[英]spark: join rdd based on sequence of another rdd
I have an rdd say sample_rdd
of type RDD[(String, String, Int))]
with 3 columns id,item,count. 我有一个RDD[(String, String, Int))]
说sample_rdd
类型为RDD[(String, String, Int))]
具有3列id,item,count。 sample data: 样本数据:
id1|item1|1 id1|item2|3 id1|item3|4 id2|item1|3 id2|item4|2
I want to join each id against a lookup_rdd
this: 我想加入每个id的lookup_rdd
:
item1|0 item2|0 item3|0 item4|0 item5|0
The output should give me following for id1, outerjoin with lookuptable: 输出应为我提供以下关于lookuptable的id1,outerjoin的信息:
item1|1 item2|3 item3|4 item4|0 item5|0
Similarly for id2 i should get: 同样对于id2我应该得到:
item1|3 item2|0 item3|0 item4|2 item5|0
Finally output for each id should have all counts with id: 最后,每个id的输出应包含id的所有计数:
id1,1,3,4,0,0 id2,3,0,0,2,0
IMPORTANT:this output should be always ordered according to the order in lookup 重要说明:此输出应始终根据查找顺序进行排序
This is what i have tried: 这是我尝试过的:
val line = rdd_sample.map { case (id, item, count) => (id, (item,count)) }.map(row=>(row._1,row._2)).groupByKey() get(line).map(l=>(l._1,l._2)).mapValues(item_count=>lookup_rdd.leftOuterJoin(item_count))
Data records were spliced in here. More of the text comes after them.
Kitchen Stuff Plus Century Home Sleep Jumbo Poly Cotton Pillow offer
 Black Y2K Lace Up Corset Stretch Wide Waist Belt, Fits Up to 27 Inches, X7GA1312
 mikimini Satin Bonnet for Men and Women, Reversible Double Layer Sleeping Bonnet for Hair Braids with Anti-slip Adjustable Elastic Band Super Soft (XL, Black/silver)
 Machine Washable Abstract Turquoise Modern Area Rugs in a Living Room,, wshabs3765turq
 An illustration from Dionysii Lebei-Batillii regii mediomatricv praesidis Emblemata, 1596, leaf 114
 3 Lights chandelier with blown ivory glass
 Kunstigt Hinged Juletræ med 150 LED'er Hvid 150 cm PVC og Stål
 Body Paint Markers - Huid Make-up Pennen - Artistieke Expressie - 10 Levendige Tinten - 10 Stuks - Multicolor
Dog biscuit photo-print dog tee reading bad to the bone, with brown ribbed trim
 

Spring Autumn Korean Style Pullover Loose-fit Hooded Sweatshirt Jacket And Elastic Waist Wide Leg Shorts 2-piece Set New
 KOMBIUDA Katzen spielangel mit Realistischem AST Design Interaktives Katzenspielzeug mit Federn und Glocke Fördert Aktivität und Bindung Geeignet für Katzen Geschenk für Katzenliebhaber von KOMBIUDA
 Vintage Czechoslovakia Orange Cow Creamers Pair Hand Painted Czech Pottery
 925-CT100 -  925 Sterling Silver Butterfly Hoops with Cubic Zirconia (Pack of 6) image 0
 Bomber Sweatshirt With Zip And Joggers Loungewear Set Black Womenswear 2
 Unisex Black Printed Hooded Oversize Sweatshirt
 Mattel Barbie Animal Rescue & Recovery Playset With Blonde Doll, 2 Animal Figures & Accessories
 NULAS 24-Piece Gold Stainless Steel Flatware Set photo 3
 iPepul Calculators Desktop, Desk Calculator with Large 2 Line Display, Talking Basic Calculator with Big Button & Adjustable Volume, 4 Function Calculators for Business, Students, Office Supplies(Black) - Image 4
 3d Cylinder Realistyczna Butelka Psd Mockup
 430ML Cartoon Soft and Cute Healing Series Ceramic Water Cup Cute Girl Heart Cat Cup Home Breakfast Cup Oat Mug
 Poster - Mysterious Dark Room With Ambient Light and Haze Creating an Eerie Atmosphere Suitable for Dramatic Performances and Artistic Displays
def get (line: RDD[(String, Iterable[(String, Int)])]) = { for{ (id, item_cnt) <- line i = item_cnt.map(tuple => (tuple._1,tuple._2)) } yield (id,i)
Try below. 请尝试以下。 Run each step on your local console to understand whats happening in detail. 在本地控制台上运行每个步骤,以了解详细情况。
The idea is to zipwithindex and form seq based on lookup_rdd. 这个想法是zipwithindex并基于lookup_rdd形成seq。 (i1,0),(i2,1)..(i5,4)
and (id1,0),(id2,1)
(i1,0),(i2,1)..(i5,4)
和(id1,0),(id2,1)
Index of final result wanted = [delta(length of lookup_rdd seq) * index of id1..id2 ] + index of i1...i5
So the base seq generated will be (0,(i1,id1)),(1,(i2,id1))...(8,(i4,id2)),(9,(i5,id2))
因此生成的基本序列将是(0,(i1,id1)),(1,(i2,id1))...(8,(i4,id2)),(9,(i5,id2))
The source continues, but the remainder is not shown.